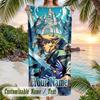 Zelda Beach Towel, Personalized Custom Text, Quick Dry Soft Large Towel For Swimming Pool Travel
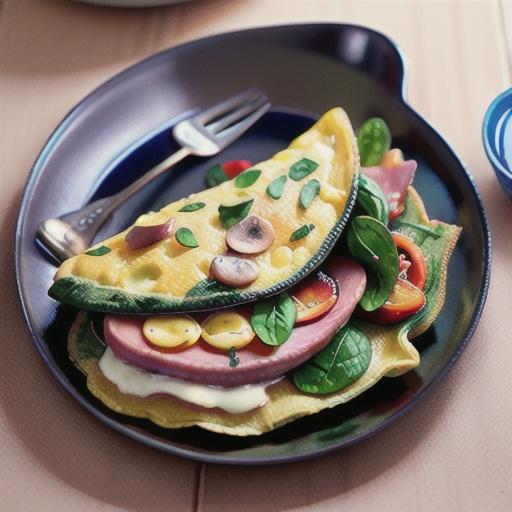 Ham and spinach omelette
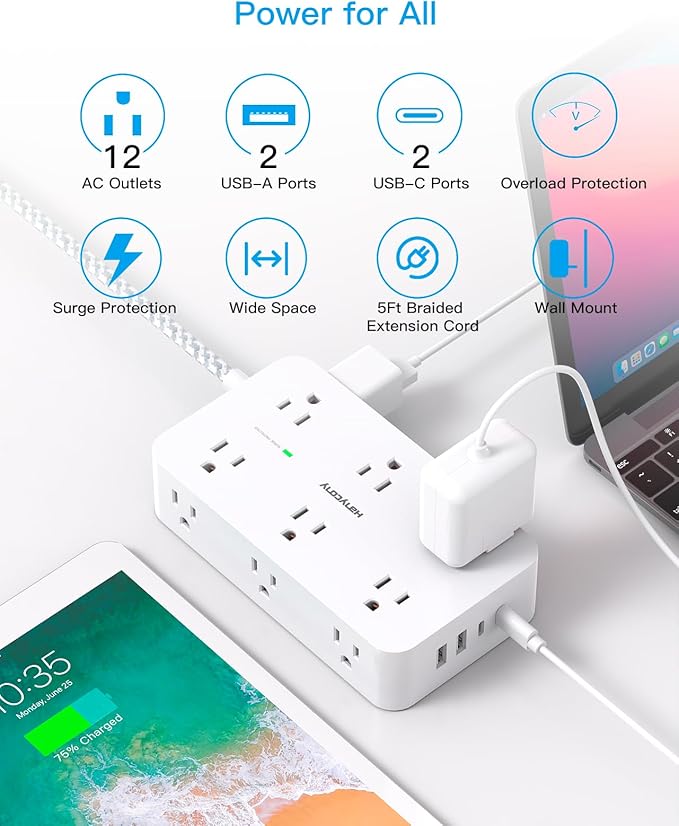 Power Strip Surge Protector, HANYCONY 12 Multiple Outlets 4 USB Ports (2 USB C), 5Ft Braided Extension Cord Flat Plug, Overload Surge Protection, Desk for Office Home College Dorm Room Essentials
══════════════════════════════
Directions »
What you write should match, word for word, the lines from the one containing "Ham and spinach omelette" to the end of the listing, with both ends kept and the pictures left out.

Answer box »
 Ham and spinach omelette
 Power Strip Surge Protector, HANYCONY 12 Multiple Outlets 4 USB Ports (2 USB C), 5Ft Braided Extension Cord Flat Plug, Overload Surge Protection, Desk for Office Home College Dorm Room Essentials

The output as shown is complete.